### Exercise
In the copy, include no images, and repeat each entry precisely as written.

-- Supplied material follows --

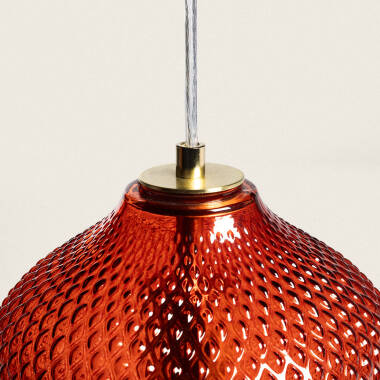 Hanglamp Elzaro in rood, ophanging en plafondkap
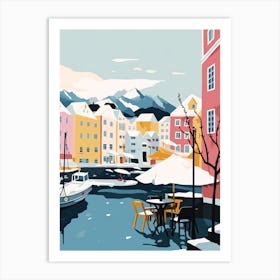 Tromso, Norway, Flat Pastels Tones Illustration 4 Art Print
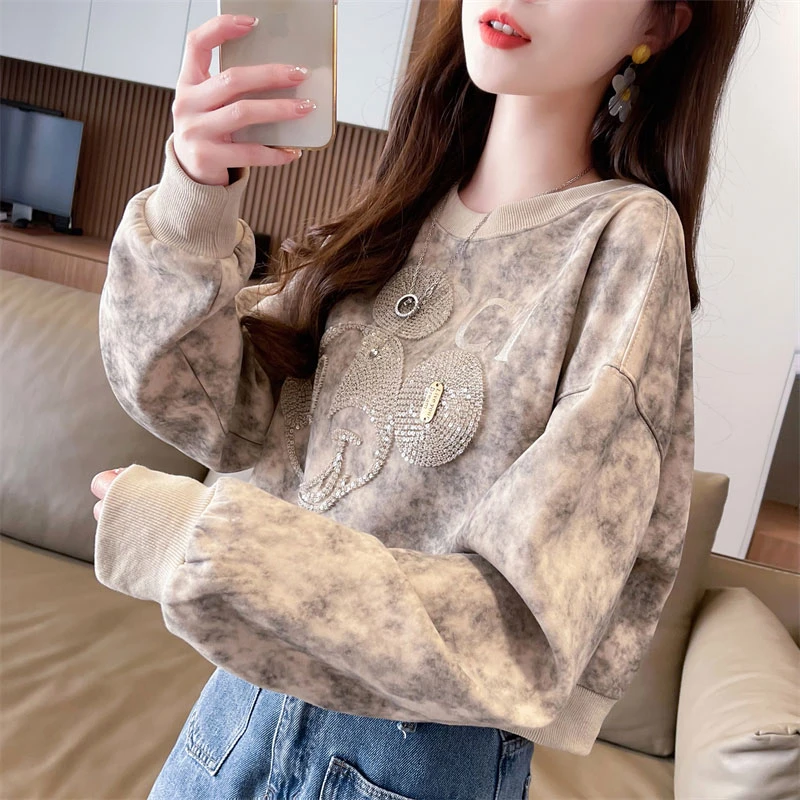 高级感扎染短款卫衣女2025新款春秋季宽松大码女装小个子洋气上衣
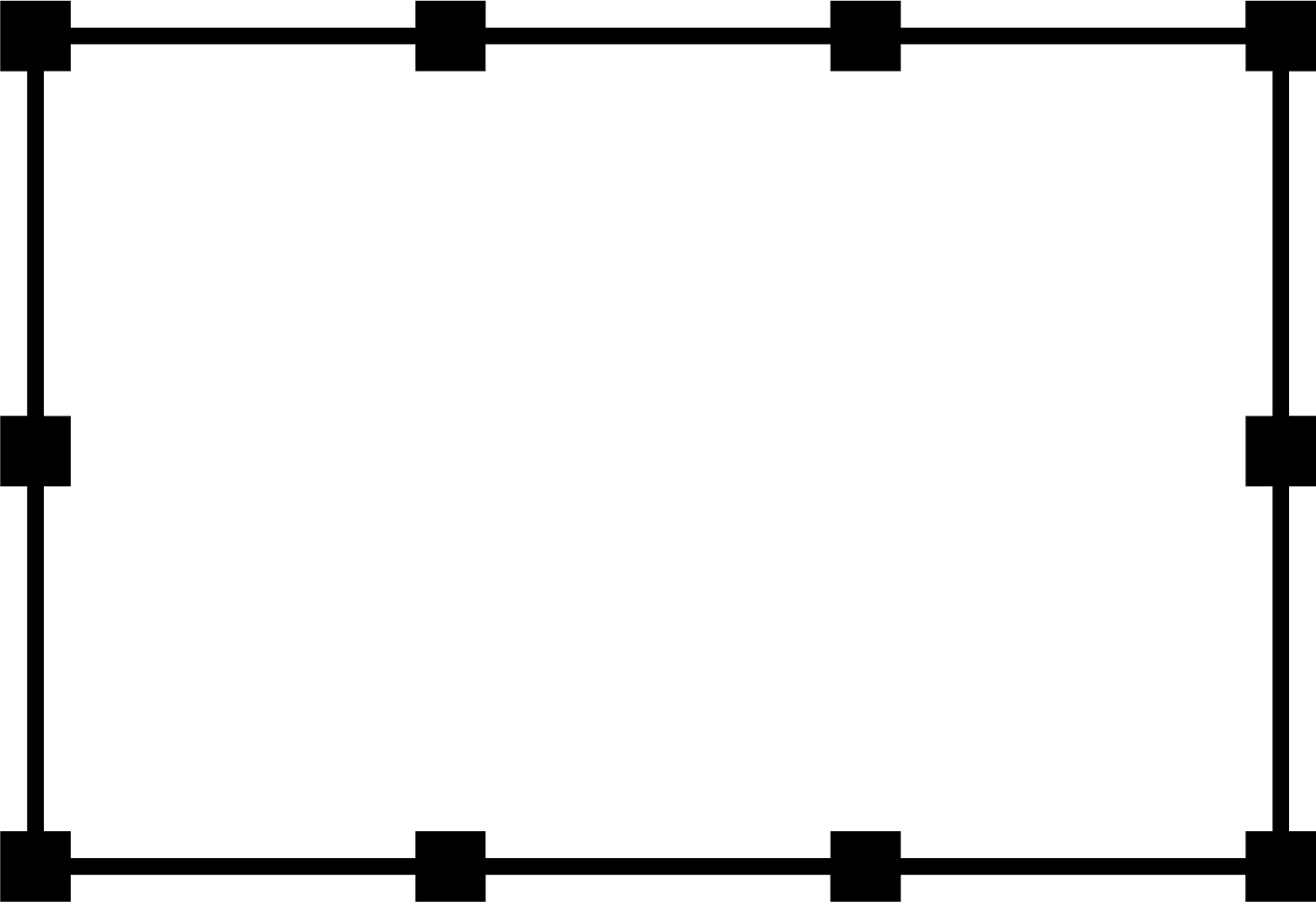 A rectangle with 10 equally spaced points marked around its perimeter with 1 point in each of the four corners. Two points on each of the longer sides divide these sides into three equal segments. One point on each of the shorter sides divides these sides into two equal segments.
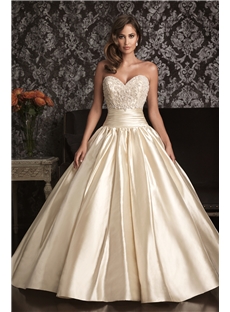 New Luxurious Beautiful Ballgown Gathered Slim Waist Embroidery Beading Wedding Dress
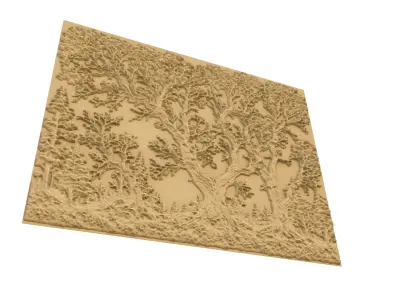 modern panel wall decor set wall relief mural CNC 116 3D model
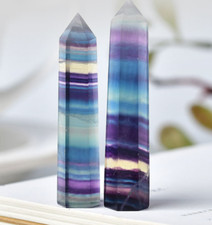 Natural Rainbow Fluorite Quartz Crystal Wand Point Healing Stone Hexagonal 5-6CM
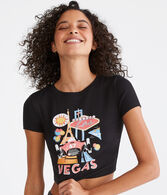 Las Vegas F1 Racing Cropped Graphic Tee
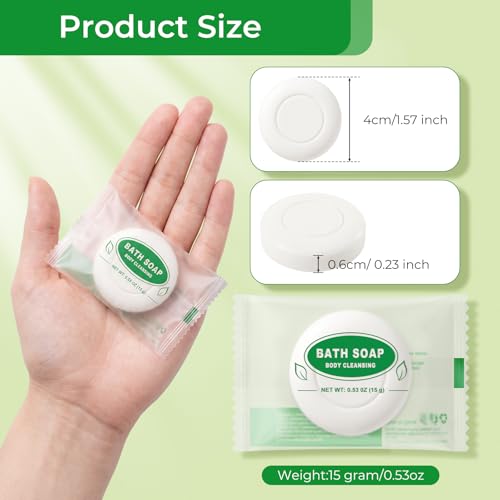 Mini Travel Size Bar Soap Bulk - Pack of 100,Round Individually Wrapped 0.53 oz/15 grams Small Disposable Hotel Soap Bars for Vacation Rentals,Guest,Church,Homeless,Charity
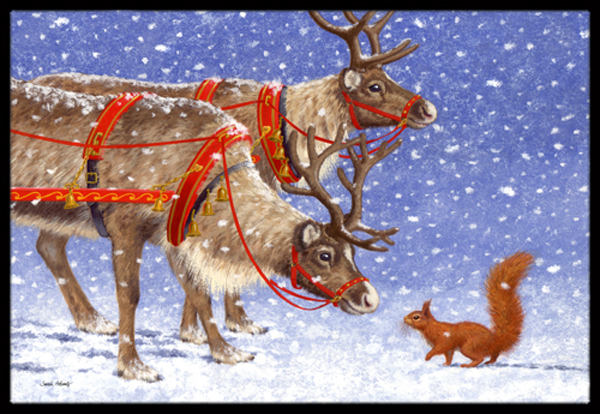 Reindeer & Squirrel Indoor or Outdoor Mat- 18 x 27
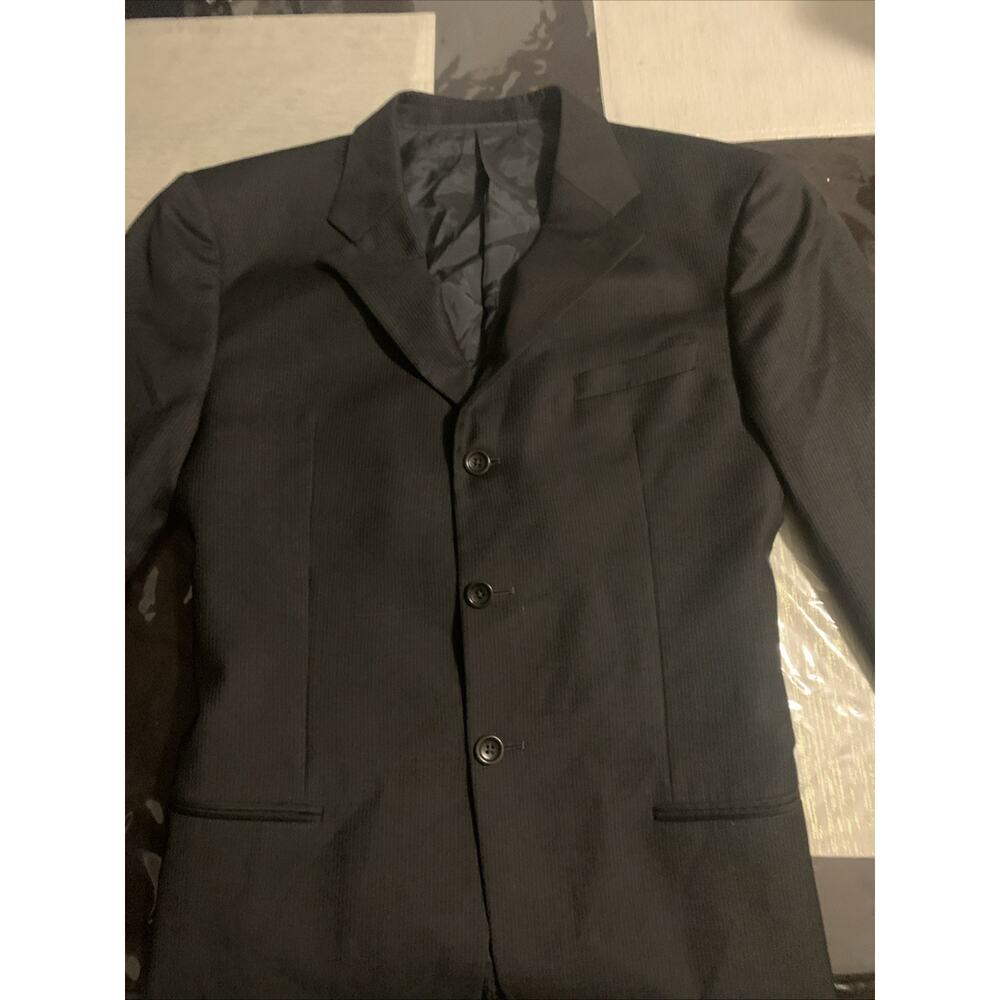 ARMANI Blazer COLLEZIONI Black stripe Wool Sz 42R - Picture 5 of 10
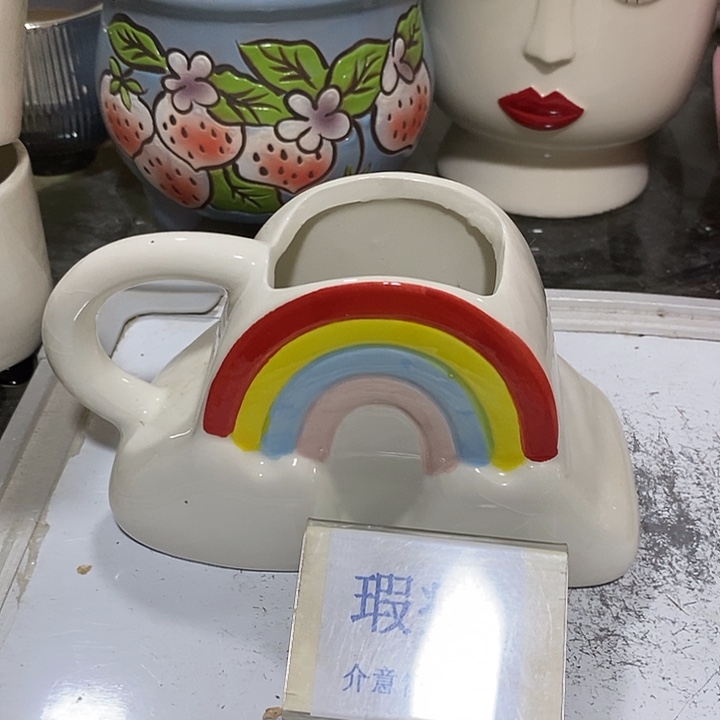 紫砂花盆多肉瑕疵盆有孔。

-- Supplied material concluded --

### Task solution
 Hanglamp Elzaro in rood, ophanging en plafondkap
 Tromso, Norway, Flat Pastels Tones Illustration 4 Art Print
 高级感扎染短款卫衣女2025新款春秋季宽松大码女装小个子洋气上衣
 A rectangle with 10 equally spaced points marked around its perimeter with 1 point in each of the four corners. Two points on each of the longer sides divide these sides into three equal segments. One point on each of the shorter sides divides these sides into two equal segments.
 New Luxurious Beautiful Ballgown Gathered Slim Waist Embroidery Beading Wedding Dress
 modern panel wall decor set wall relief mural CNC 116 3D model
 Natural Rainbow Fluorite Quartz Crystal Wand Point Healing Stone Hexagonal 5-6CM
 Las Vegas F1 Racing Cropped Graphic Tee
 Mini Travel Size Bar Soap Bulk - Pack of 100,Round Individually Wrapped 0.53 oz/15 grams Small Disposable Hotel Soap Bars for Vacation Rentals,Guest,Church,Homeless,Charity
 Reindeer & Squirrel Indoor or Outdoor Mat- 18 x 27
 ARMANI Blazer COLLEZIONI Black stripe Wool Sz 42R - Picture 5 of 10
 紫砂花盆多肉瑕疵盆有孔。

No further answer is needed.